Но это не значит, что надо писать жалобы и подавать иски в суд на создателей отдельных спектаклей. Думаю, это делают те, кому больше нечем заняться. Или люди с недостатком воспитания.
А воспитание начинается с дома. Пока ты живешь с родителями, которые учат тебя держать вилку, ложку, завязывать шнурки, говорить «спасибо», уступать женщинам место, пользоваться салфеткой… Не с битой к тебе папа приходит. Тебе же все объясняют. Ты запомнил сначала одно, потом другое. Потом ты запомнил отношения мамы с папой и понимаешь, как они должны складываться.
– Ваши родители, судя по фотографиям, были очень красивыми людьми. И чувствуется, что между ними была большая любовь…
– Да. Отец обожал мать. Она была моложе на 12 лет, и я родился, когда папе было уже 49. Он тогда занимал достаточно высокие посты, и нам со старшим братом перепадало кое-что с царского плеча. Характер у отца был строгий, но рядом со строгим папой всегда находилась мягкая мама. Поэтому я рос избалованным ребенком. Захотел горные лыжи – пожалуйста. А что такое горные лыжи в конце 70-х? Что такое спортивный велосипед? Это зарплата, которую получала тогда мама. Но у меня все это было.
– Это не портило ваших отношений с одноклассниками? Вы не стали заносчивым?
– Нет. Мы до сих пор встречаемся классом, хотя после окончания школы прошло уже 35 лет. Одноклассники приезжали на мое 50-летие в «Крокус Сити Холл». Мы постоянно общаемся между собою.
Нет, я никогда не был заносчивым, а тем более сейчас. Чем потолок-то царапать?
– Как чем – короной…
– Зубцы у этой короны уже обточились.
– А многие считают вас высокомерным.
– Я специально это делаю, потому что считаю, если у людей есть право со мной так разговаривать, то и у меня есть право так же отвечать. Стал достаточно резким человеком, так научили. Опять же смотря в какую социальную среду ты попадаешь. Если попадаешь в общество благовоспитанных людей, то никогда не будешь хамить. Никогда не будешь рычать. А когда ты попадаешь к гиенам, значит, надо рыкнуть, чтобы поставить их на место. Тогда они встают на задние лапы и, поджав хвосты, убегают.
– Вы часто играете романтичных героев. А вам самому романтика присуща?
– Надеюсь, что-то романтичное осталось. Не все еще желтая пресса вытравила. Поэтому близким моим еще достается иногда романтик.
– Вы участвовали в автопробеге. Это тоже довольно романтично.

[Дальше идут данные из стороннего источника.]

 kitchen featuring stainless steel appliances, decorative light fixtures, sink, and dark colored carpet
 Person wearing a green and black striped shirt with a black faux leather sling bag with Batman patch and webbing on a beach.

– Это моя шальная молодость. Хотя какая молодость? Мне тогда было 30 с копейками. И эта молодость могла там и закончиться. Потому что была страшнейшая авария – от машины ничего не осталось. Мы разбились очень сильно, и, как выжили, никто не знает. Даже приехавшие на место сотрудники ДАИ (это было под Днепропетровском) спросили: «Ребята, какому богу молитесь?» Это была моя вторая гонка. А на первой случилась такая поломка в машине, после чего починить ее было уже невозможно. Это произошло во Франции. Встал в 70 километрах от Лиона, стою, жду эвакуатор. Позвонил товарищам по команде сообщить, что со мной произошло. А они практически уже доехали до Лиона, скоро финиш. Но все равно развернулись, сделали крюк почти в сто километров и забрали меня. Пожертвовали выигрышем, но пришли на помощь. И с этого момента между нами возникла настоящая мужская дружба. Мы можем не созваниваться месяц-два, но если вдруг кому-то нужна помощь, то к нему спешит вся команда.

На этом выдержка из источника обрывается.